Le aree costiere del Paese insieme all’isola di Capo Verde furono infatti dichiarate possedimenti del Portogallo già nel 1446. Successivamente, nel XVII secolo, sono cominciati il vero e proprio processo di colonizzazione e la tratta degli schiavi verso le Americhe, di cui rimangono tracce specialmente nella cittadina di Cacheu, che fu uno dei principali porti da cui salpavano le navi negriere. Solo nella seconda metà del XIX secolo i portoghesi si spinsero anche nell’entroterra.
«Dagli scambi avvenuti lungo i secoli – continua il missionario del Pime – è scaturita un’interessante miscela culturale, la cui espressione più tipica è la lingua creola, risultato dell’integrazione della sintassi africana con espressioni verbali non solo portoghesi, ma anche inglesi e francesi».
Nel corso di tutti questi anni si è sviluppato un dialogo continuo con l’Europa a diversi livelli e uno scambio non solo commerciale, ma legato specialmente all’andirivieni di molti europei che trovano in Guinea Bissau una popolazione accogliente e calorosa e una cultura ricca di espressioni diverse.
«La Guinea Bissau – precisa Zamberletti – ha una storia antica e interessante ed è culla di molte tradizioni che sorprendono qualsiasi europeo vi metta piede, rendendola così speciale agli occhi di chi la visita per la prima volta e che spesso poi vi ritorna. Purtroppo non sempre gli scambi sono stati positivi: schiavismo, colonialismo, guerre e sfruttamento hanno segnato pesantemente lo sviluppo di questo Paese. Tuttavia anche questi pesanti condizionamenti non hanno mai interrotto il dialogo tra i popoli dei due continenti».
Anche la guerra civile del 1998-1999 – che ha visto indirettamente coinvolti due Paesi europei come il Portogallo e la Francia – non ha interrotto il flusso degli aiuti provenienti dall’Unione Europea inviati attraverso i canali umanitari. Da oltre quarant’anni questa cooperazione ha permesso di realizzare grandi strutture come ponti e reti stradali, e soprattutto progetti di sviluppo in vari ambiti. «Anche noi, come Caritas diocesana di Bafatá – dice padre Alberto – con l’aiuto di questi fondi abbiamo aperto da due anni un liceo agricolo a Buba per formare i giovani in un campo cruciale come quello dell’agricoltura, dando loro le competenze necessarie per innovare le tecniche e per affrontare le nuove sfide imposte, tra l’altro, dai cambiamenti climatici».

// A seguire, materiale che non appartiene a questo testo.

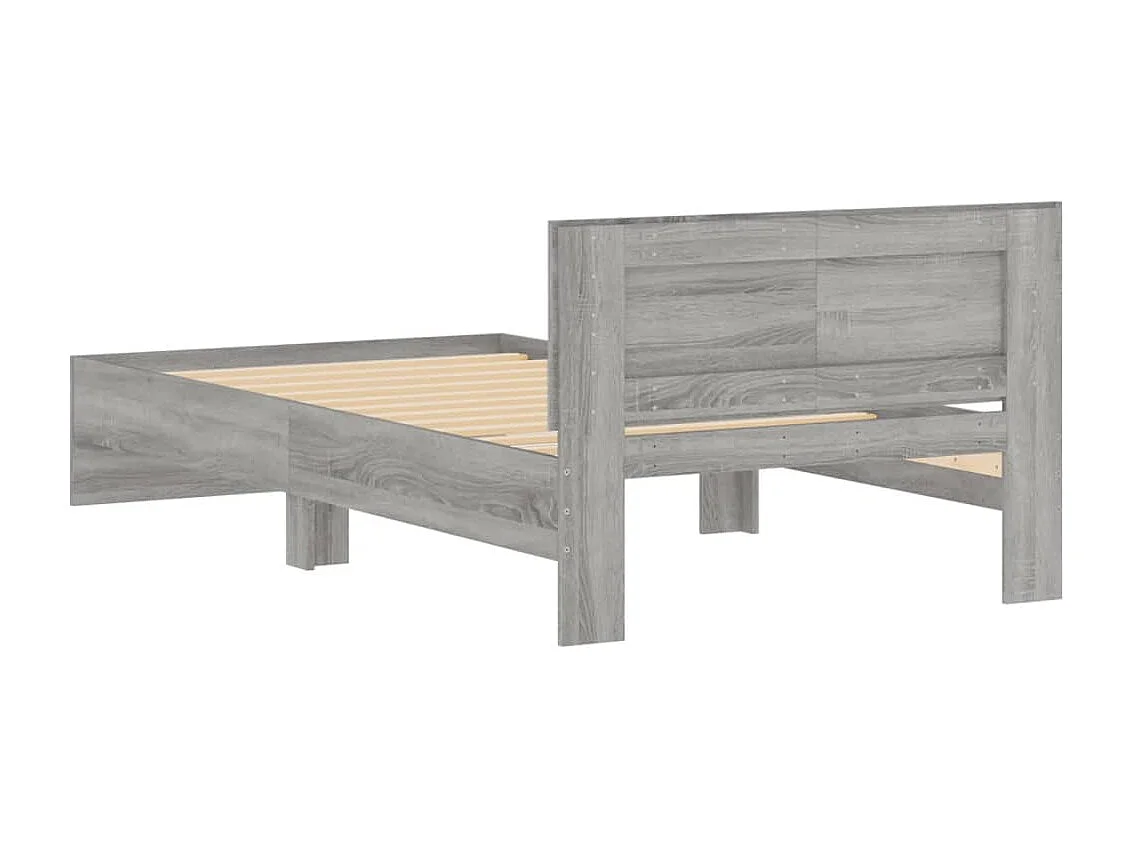 Cadre de lit sans matelas avec tête de lit 100x200 cm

La Guinea Bissau rappresenta una straordinaria riserva ecologica (anche per la fauna migratoria dell’Europa) che, tuttavia, è messa a rischio non solo dai mutamenti del clima, ma anche dall’uso indiscriminato del suolo e dall’inquinamento. «Anche in questo settore – dice Zamberletti – potrebbe nascere una valida collaborazione per proteggere insieme la nostra “casa comune”».

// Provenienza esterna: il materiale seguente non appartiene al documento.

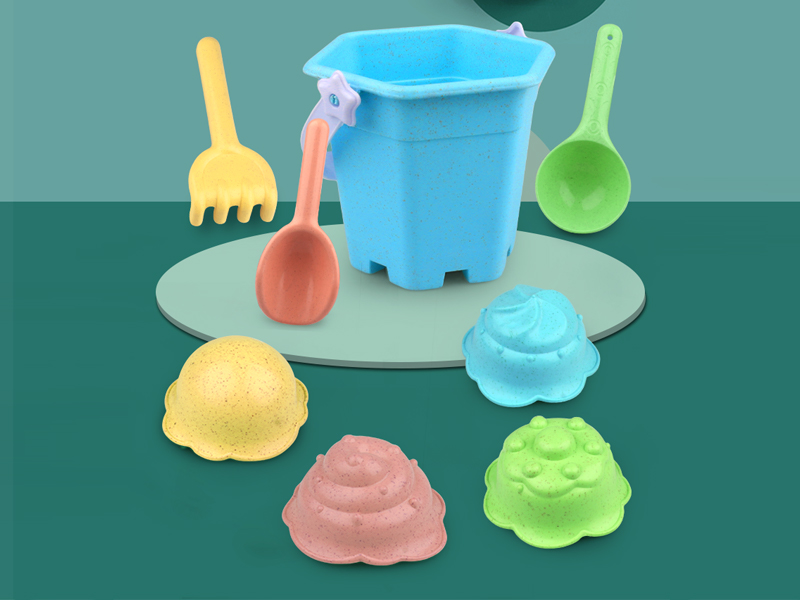 8Pcs Beach Bucket Set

Negli ultimi vent’anni, l’Unione Europea ha sostenuto anche molti progetti per il consolidamento della democrazia non solo a livello governativo, ma anche appoggiando diversi organismi della società civile, affinché potessero dare un maggiore contributo a una governance stabile e a una crescita inclusiva e sostenibile. Non sono poi mancati gli sforzi per far maturare lo Stato di diritto, così come per il rispetto dei diritti umani e delle libertà fondamentali. «Tra il 2011 e il 2016 – ricorda Zamberletti – il programma UE-Paane (Programma di appoggio agli attori non statali) ha finanziato molte iniziative per rafforzare la partecipazione dei cittadini allo sviluppo e promuovere la responsabilità degli attori della società civile, compresi i media, tra cui anche la nostra Radio Sol Mansi, che è diventata la principale emittente del Paese e copre quasi tutto il territorio nazionale. Fondata dal Pime nel 2001, per essere strumento di pace e riconciliazione dopo la guerra, è ora affidata alla Chiesa guineana».
Ovviamente anche gli scambi commerciali hanno sempre avuto un grosso peso e hanno riguardato innanzitutto alcuni prodotti agricoli come le arachidi e il cotone e successivamente la pesca nelle acque territoriali della Guinea Bissau. Nonostante tutto, però, questo piccolo Paese con meno di due milioni di abitanti resta una nazione poverissima, con una disoccupazione molto alta e scarse prospettive per i giovani che continuano a partire alla ricerca di una vita migliore. Per molti di loro l’Europa rappresenta ancora oggi una destinazione da raggiungere a qualsiasi costo.